PROBLEM TO SOLVE
From the line containing "Умные часы Garmin instinct" down to the last line of the material, output each line exactly as it appears, excluding pictures.

AVAILABLE RECORDS
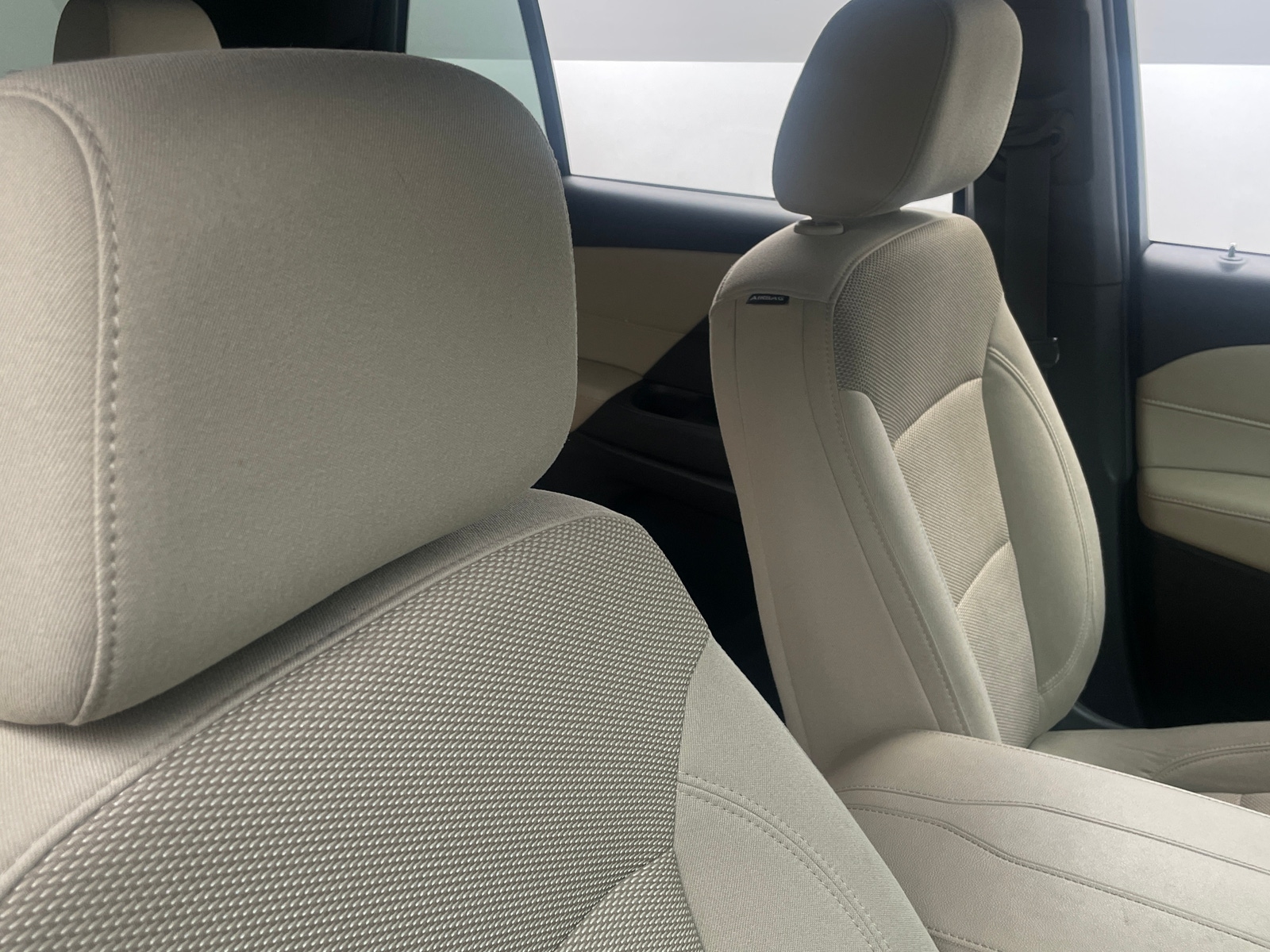 Thumbnail: 2023 Chevrolet Traverse - 2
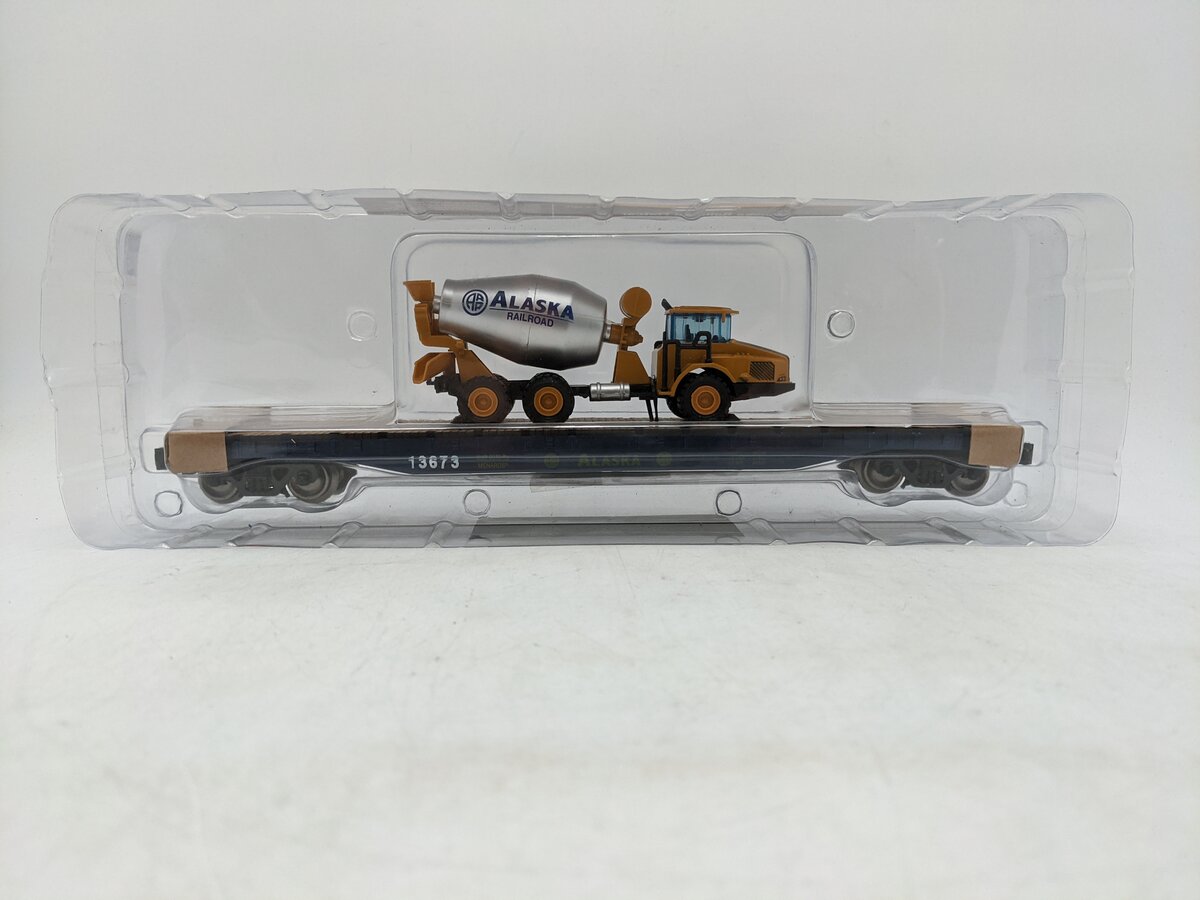 Menards 279-3074 O Gauge Alaska Long Flatcar with Cement Truck #13673 NIB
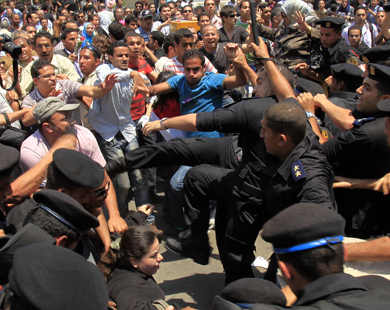 اشتباكات سابقة بين قوات الأمن ومتظاهرين مناهضين للحكومة في القاهرة.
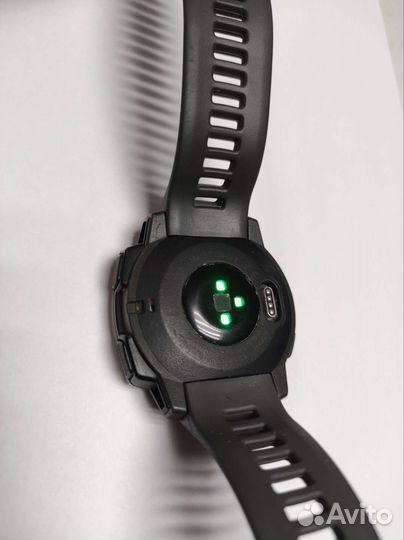Умные часы Garmin instinct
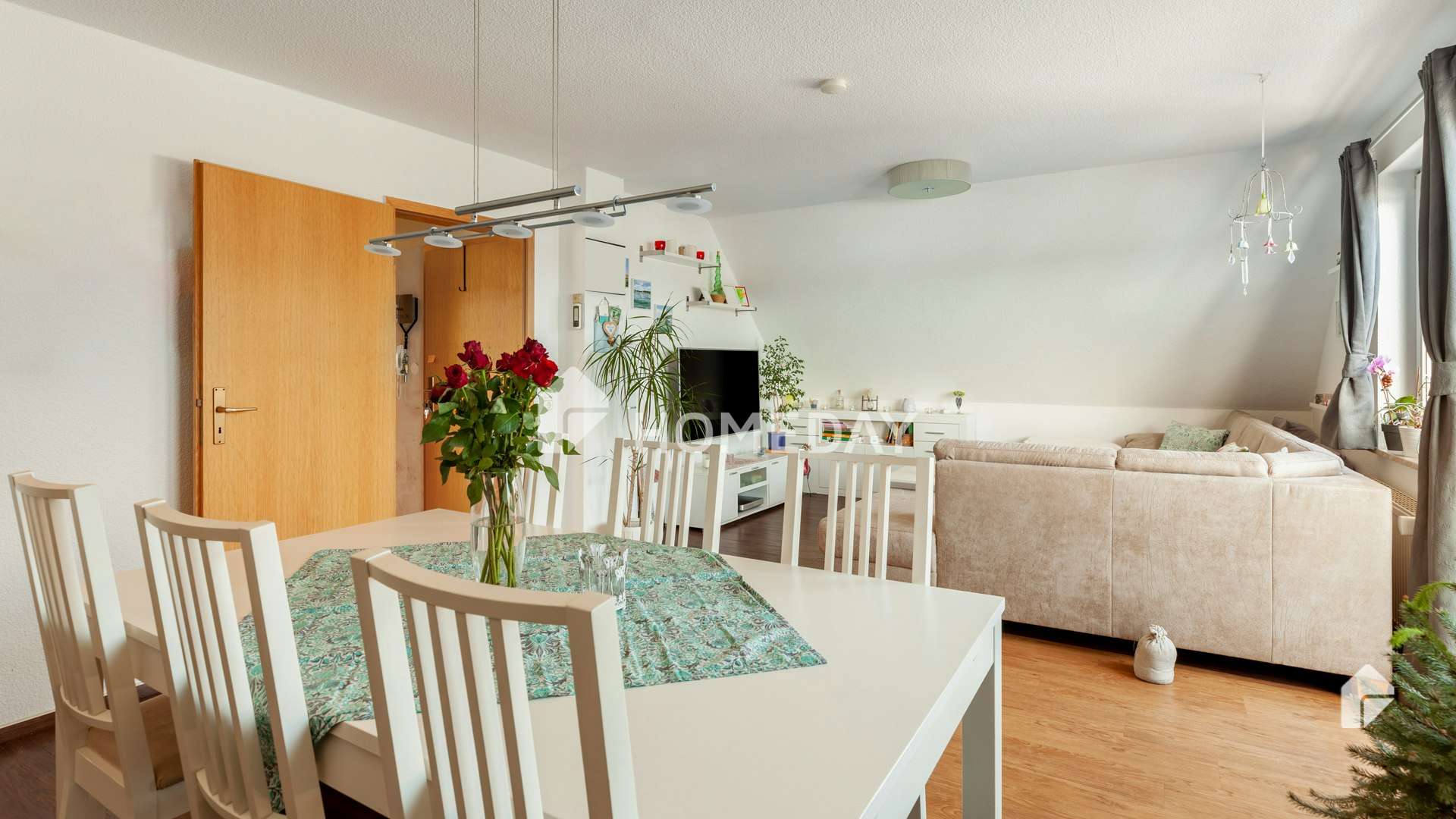 Immobilie in Sarstedt - Sonniges Wohnglück in ruhiger Lage: bezugsfreie 3-Zimmer-DG-Wohnung mit Ost-Balkon - Bild 5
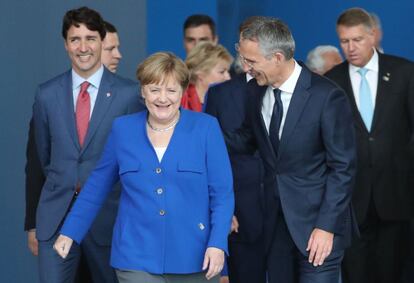 Angela Merkel junto al primer ministro canadiense, Justin Trudeau y el secretatio de la OTAN, Jens Stoltenberg, a su llegada a la cumbre.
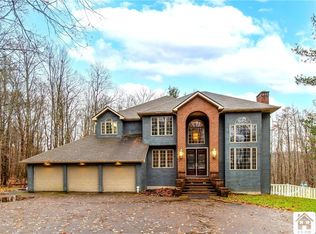 1 Whisper Ln, Jamestown, NY 14701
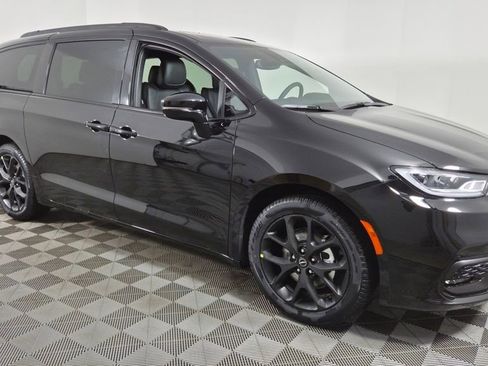 New 2026 Chrysler Pacifica Select image 1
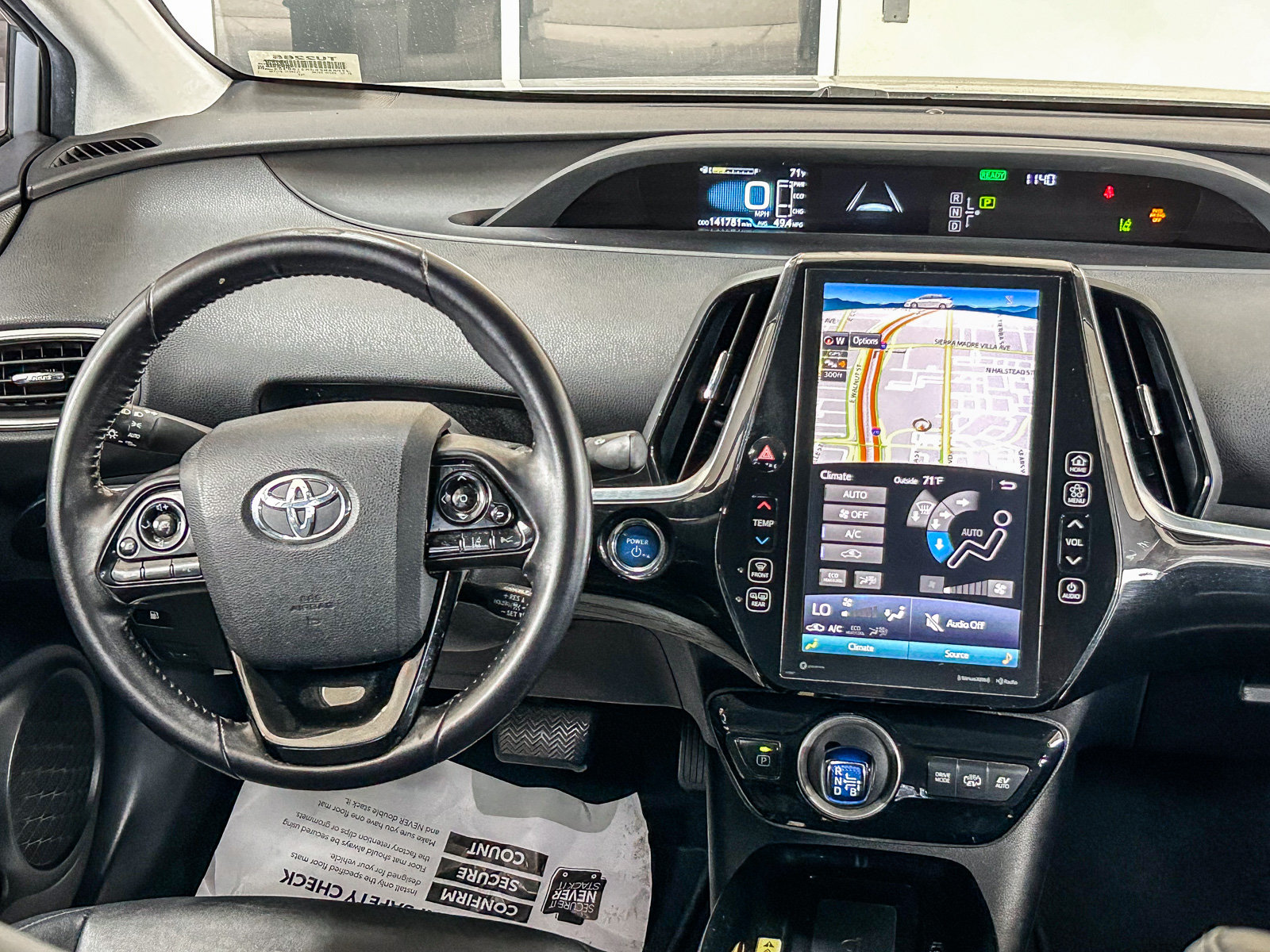 Used 2021 Toyota Prius Prime XLE w/ Carpet Mat Package (TMS) FWD image 12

EXERCISE SOLUTION
Умные часы Garmin instinct
 Immobilie in Sarstedt - Sonniges Wohnglück in ruhiger Lage: bezugsfreie 3-Zimmer-DG-Wohnung mit Ost-Balkon - Bild 5
 Angela Merkel junto al primer ministro canadiense, Justin Trudeau y el secretatio de la OTAN, Jens Stoltenberg, a su llegada a la cumbre.
 1 Whisper Ln, Jamestown, NY 14701
 New 2026 Chrysler Pacifica Select image 1
 Used 2021 Toyota Prius Prime XLE w/ Carpet Mat Package (TMS) FWD image 12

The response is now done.